RECORDED INFORMATION Block Start

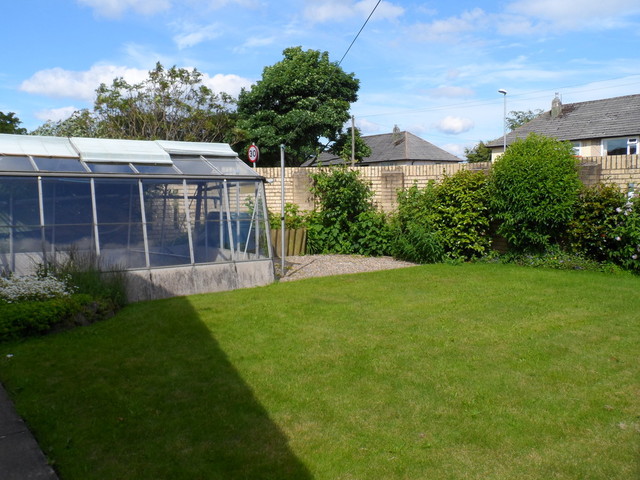  Image of 3 bedroom Detached house to rent in Shepcote Close Leeds LS16 at Shepcote Close Cookridge Leeds, LS16 6SB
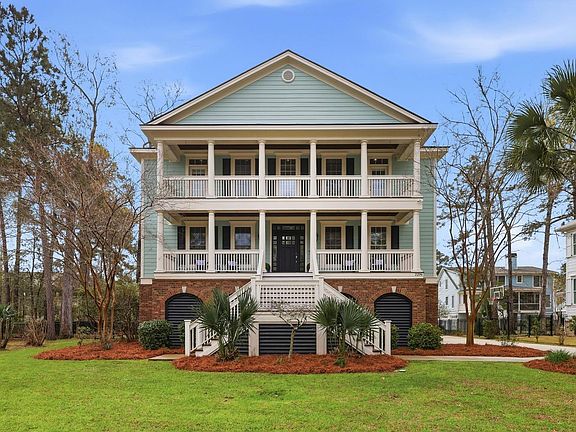 4th image of 2296 Middlesex St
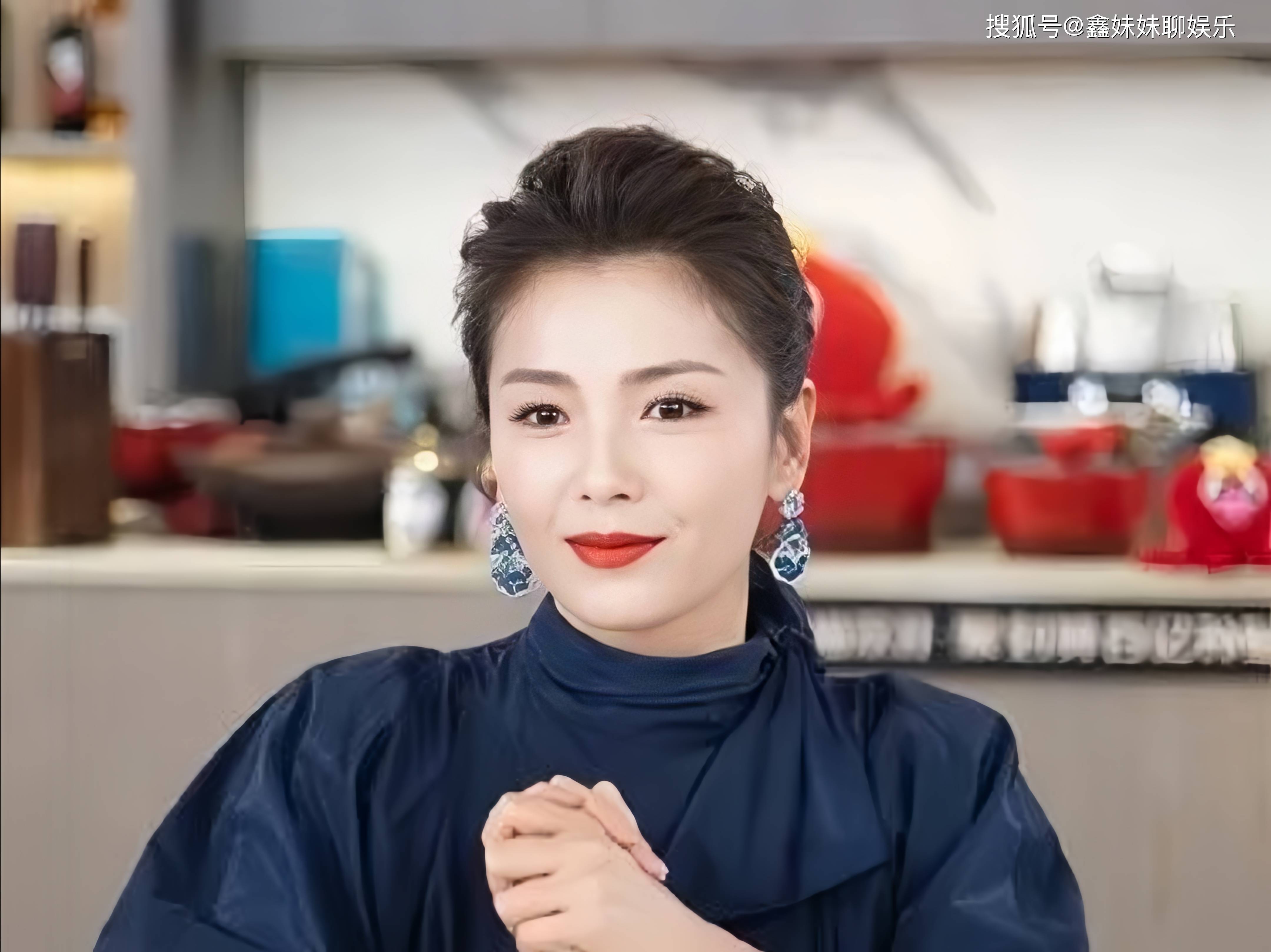 刘涛的百万假牙揭秘,公开坦然面对缺陷,男星为何回避与她拍吻戏_镜头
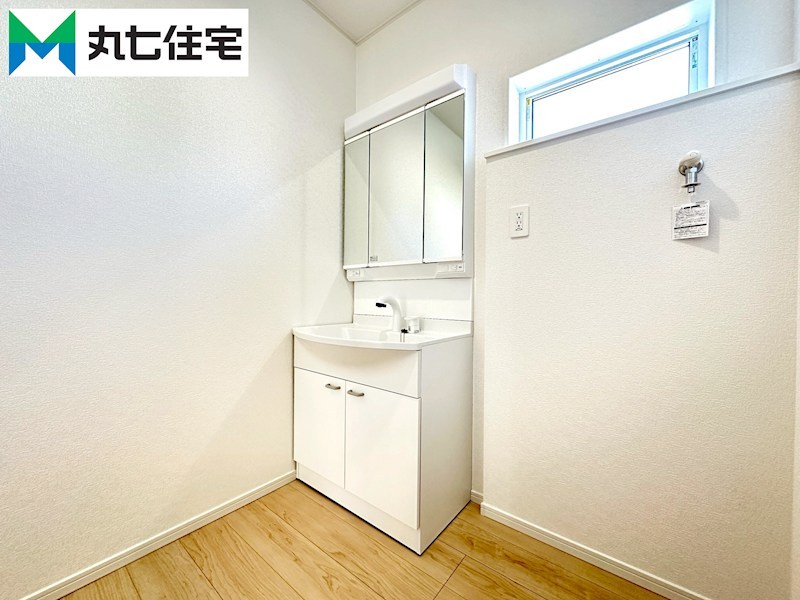 蒲郡市大塚町第13　丸山　1号棟 内観写真（洗面台・洗面所）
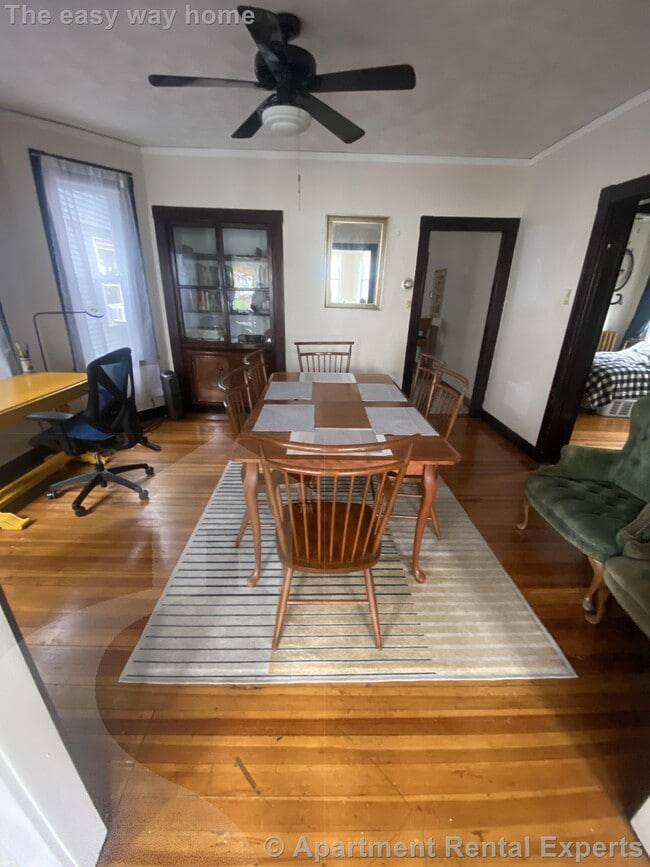 Building Photo - Cambridgeport / Central Square 2 Bedroom -...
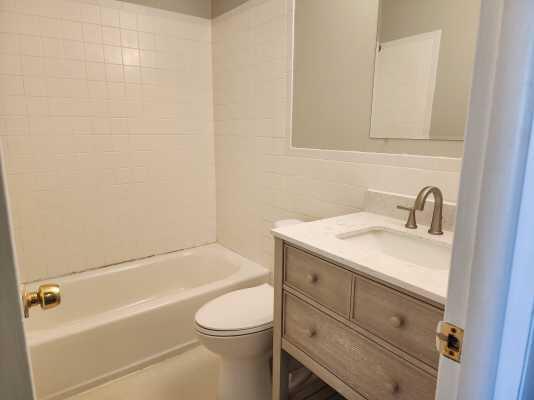 3579 Kenbrooke Ct, Kalamazoo, MI 49006 - photo 4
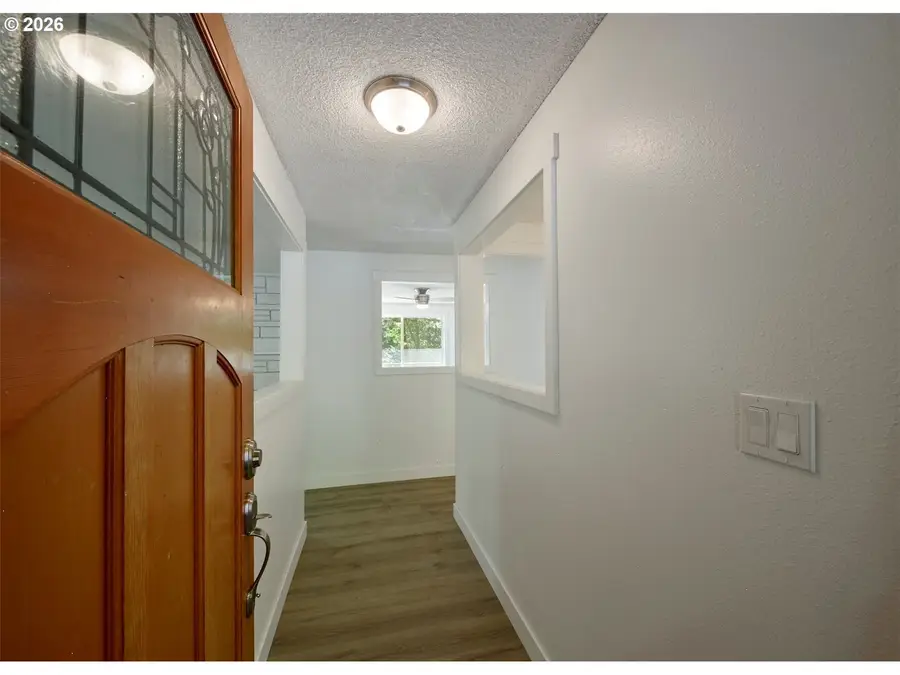 209 Sunset Dr, Longview, WA 98632 - #2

RECORDED INFORMATION Block End

EXERCISE BRIEF: A word-for-word copy of the lines from the one with "3579 Kenbrooke Ct, Kalamazoo, MI" through the final line of the listing above is the whole answer, and it contains no pictures.

YOUR SOLUTION:
 3579 Kenbrooke Ct, Kalamazoo, MI 49006 - photo 4
 209 Sunset Dr, Longview, WA 98632 - #2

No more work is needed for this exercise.